Los que salimos después del golpe a Excélsior formamos dos grupos: el grupo de Julio Scherer donde nos enfocamos algunos de los que trabajábamos en Excélsior y que escogimos el camino de Julio: Miguel Ángel Granados Chapa y Samuel del Villar, y otro grupo con Becerra Acosta que era el subdirector de Excélsior y funda el unomásuno. No nos dividimos por ganas, pero siempre Julio era muy polémico y Becerra Acosta quería tener más. No nos entendimos entre nosotros. No todos jalaron para hacer Proceso y Becerra Acosta quiso hacer un diario. Julio Scherer también quería, pero no había dinero. Quién sabe cómo consiguió dinero Becerra Acosta con su grupo y ellos fundaron unomásuno que después derivó en La Jornada.
¿Usted pierde el vínculo con sus compañeros en el Centro Mexicano de Escritores? ¿No mantuvo contacto con ellos?
VL: Nunca pertenecí a grupos literarios.
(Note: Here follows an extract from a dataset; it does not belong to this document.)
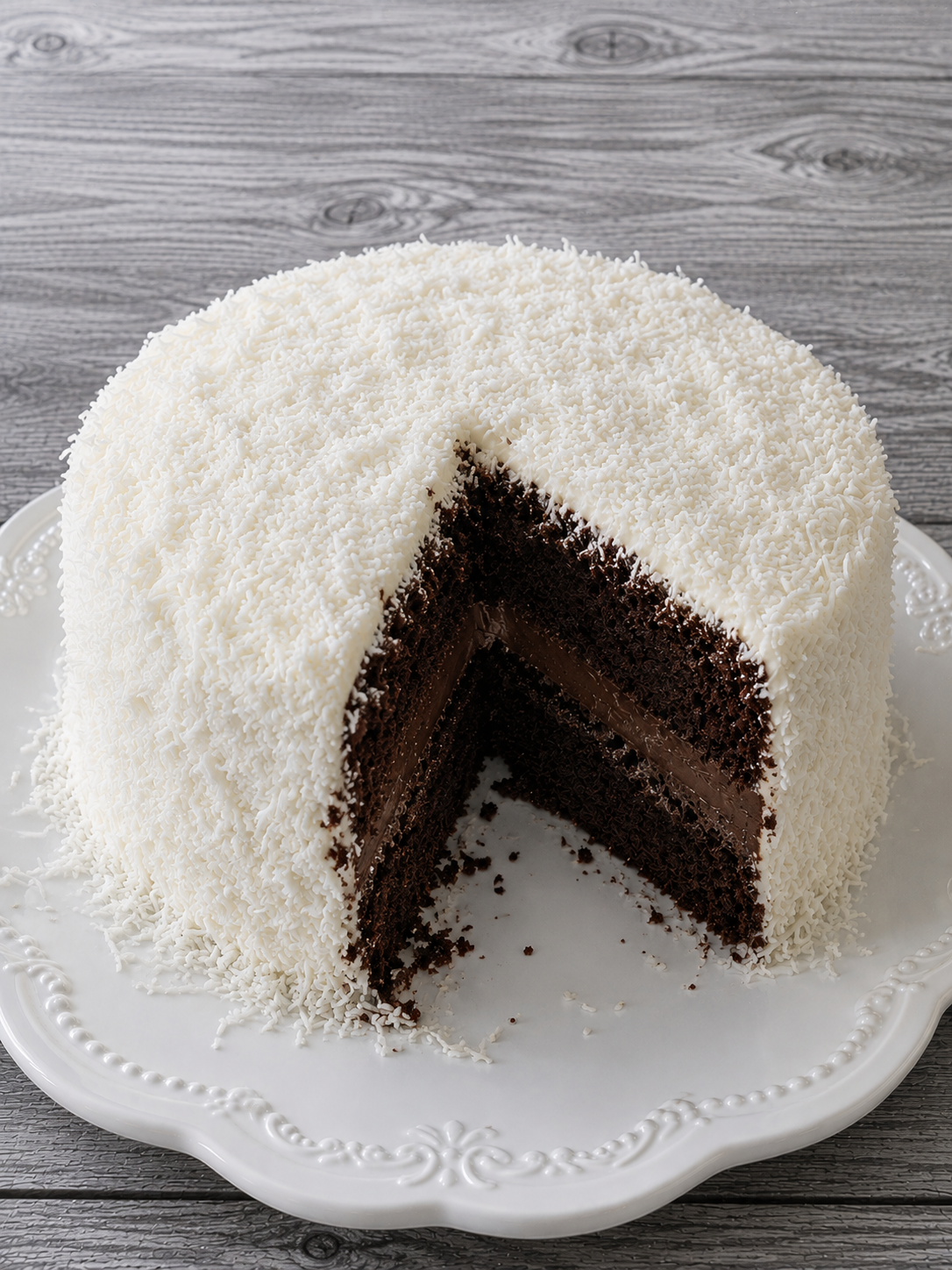 Coconut chocolate cake slice showing dark chocolate layers on white coconut crust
Estaba el grupo de Fernando Benítez que hacía La Cultura en México y México en la Cultura después, pero yo fui muy aislado, me movía al margen de ellos, incluso un poco contra ellos. Era muy independiente, así como Ricardo Garibay y algunos más que no estábamos en la órbita de Fernando Benítez.
Yo quería participar, pero ellos no me tomaban en cuenta, era un grupo muy mafioso y cerrado. Ahora los grupos ya están más abiertos, pero así como hay nexos y Letras Libres, en ese entonces estaba el mundo de Benítez y nada más. Cuando me inicié en la literatura con Los albañiles fue como si no hubiera pasado nada, me ignoraron por completo. Nadie hizo eco, sólo un poco José Emilio con el que fui muy amigo siempre. Fue el único. A todo ese mundo le llamábamos “la mafia de Benítez”. Yo todavía los odio, odio ese momento que fue muy duro para mí. Me costó romper con esos grupos tan cerrados.
¿Y la Revista de la Universidad tenía alguna importancia en ese momento?
VL: La Revista de la Universidad era un poco de la férula de Benítez, ahí estaba Jaime García Terrés. Eran los grupos que derivaban de Alfonso Reyes, que era como el pontífice de la cultura mexicana. Después de Alfonso Reyes vino Octavio Paz.
¿Y usted nunca colaboró en la parte cultural de Excélsior, en la revista que dirigía Paz?
VL: Julio la llamó la revista Plural. Yo no colaboré nunca, no me llamaban. Yo siempre fui independiente, bueno he sido siempre independiente.
Aunque se mantuvo cercano a Julio Scherer…
VL: Sí, mantuve con él una relación desde el 71 hasta ahora. No tanto cuando yo trabajaba en Revistas de Revistas porque él estaba ocupado en su periódico, pero me daba manos libres y se desentendía de la revista. No le daba la importancia que yo sentía que debía. Pero después del golpe a Excélsior nos unimos mucho en la fundación de Proceso.
¿Por qué usted creyó más en Proceso que en el proyecto del diario?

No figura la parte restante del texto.